Sementara itu, intoleran bermakna tidak menghargai atau menghormati pendapat orang lain yang memiliki pendangan atau keyakinan yang berbeda. Biasanya, ciri-ciri kelompok atau orang yang memiliki karakter seperti ini cenderung memaksakan pendapatnya dan menganggap bahwa apa yang diyakini adalah yang paling benar dan orang lain salah di mata mereka. Dalam bermasyarakat, tentu saja cara pandang seperti ini sangat mengkhawatirkan dan bisa memicu perpecahan antara sesama manusia.
Perbincangan soal toleransi dan intoleransi, dari dulu sampai sekarang selalu menjadi pembahasan yang tak kunjung habisnya. Tidak hanya di Indonesia, di beberapa negara isu ini juga menjadi perhatian khusus. Hal ini dikarenakan minimnya pemahaman sebagian masyarakat dalam perbedaan, sehingga diskriminasi terhadap kelompok minoritas selalu terjadi.
Jelang pemilihan kepala daerah DKI Jakarta 2017, fenomena intoleransi kembali muncul. Hal ini terbukti dengan beredarnya spanduk larangan mensholatkan jenazah salah satu pendukung pasangan cagub-cawagub. Tidak hanya itu, berbagai intimidasi agar tidak memilih pasangan Ahok-Djarot pun terjadi. Kebanyak dari mereka beralasan karena agama melarang memilih pemimpin yang tidak seiman. Namun anehnya, larangan tersebut hanya berlaku untuk pilkada DKI Jakarta. di beberapa daerah yang notabennya juga mengusung pemimpin yang tidak seagama dengan mereka malah didukung.
Bahkan, berdasarkan survei yang dilakukan oleh Populi Center beberapa bulan yang lalu didapati sebanyak 22,6 persen warga DKI setuju jika saat ini intoleransi di Jakarta berada pada fase yang sangat mengkhawatirka.
Maraknya intoleransi dalam pilkada DKI Jakarta ini, tentu saja sangat bertolak belakang dengan cita-cita founding fatherbangsa Indonesia Soekarno.

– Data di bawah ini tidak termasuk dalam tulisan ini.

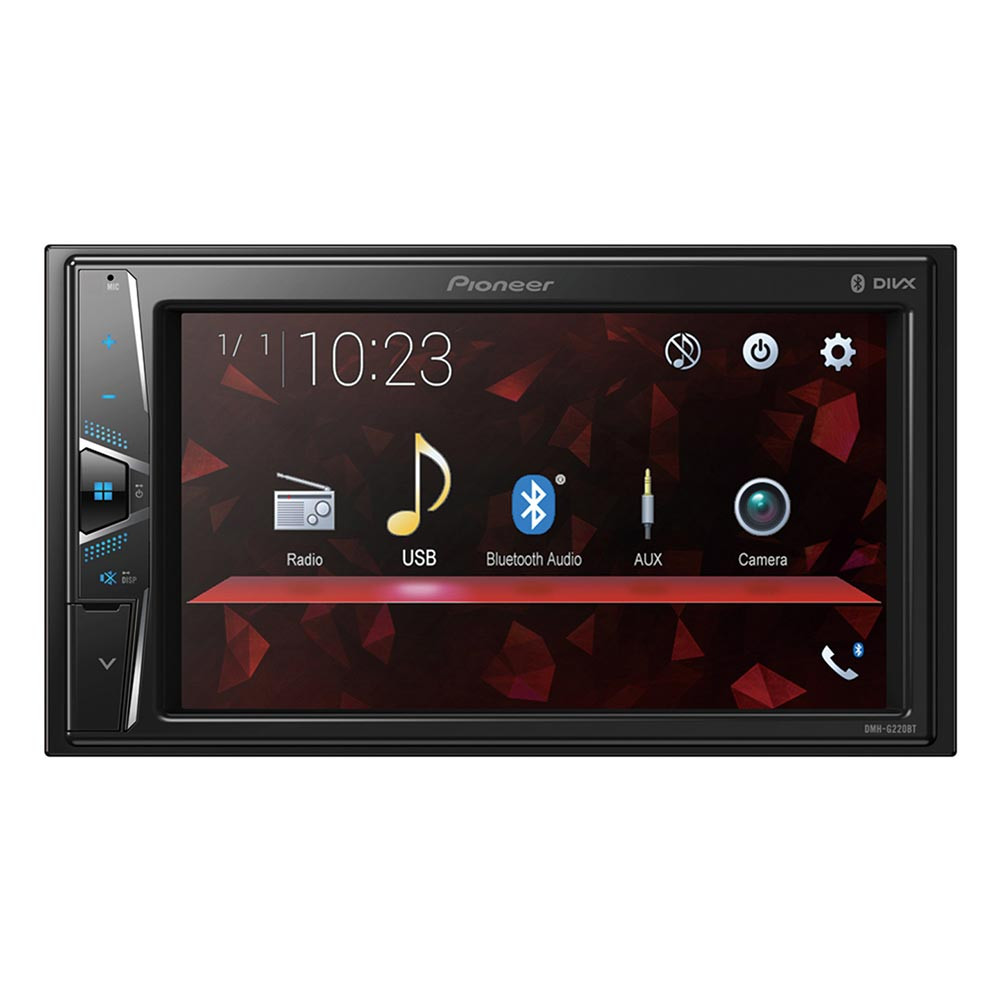 Auto player multimedija PIONEER DMH-G220BT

Pada pidatonya dalam rangka HUT RI 1963, Bung Karno pernah mengatakan bahwa dari Sabang sampai Merauke tidak hanya sekedar satu geographical entity. Akan tetapi merupakan satu kesatuan kebangsaan.

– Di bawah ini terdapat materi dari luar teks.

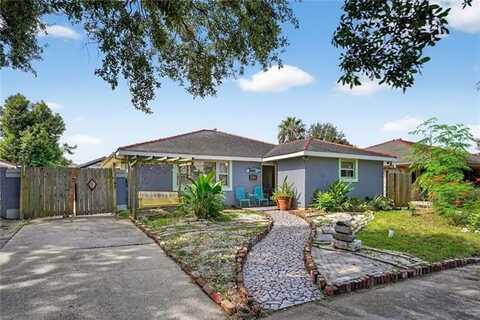 2328 NEW YORK Street, New Orleans, LA 70122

Secara jelas pidato tersebut ingin memberitahukan kepada seluruh rakyat Indonesia bahwa bangsa ini dihuni oleh berbagai macam suku, agama, Bahasa dan budaya. Keberagaman yang menjadi ciri khas bangsa Indonesia harus dijaga dan dirawat terus menerus. Menolak perbedaan atau keberagaman yang ada di Indonesia berarti mengingkari NKRI dan mengingkari moto atau semboyan Bhinneka Tunggal Ika.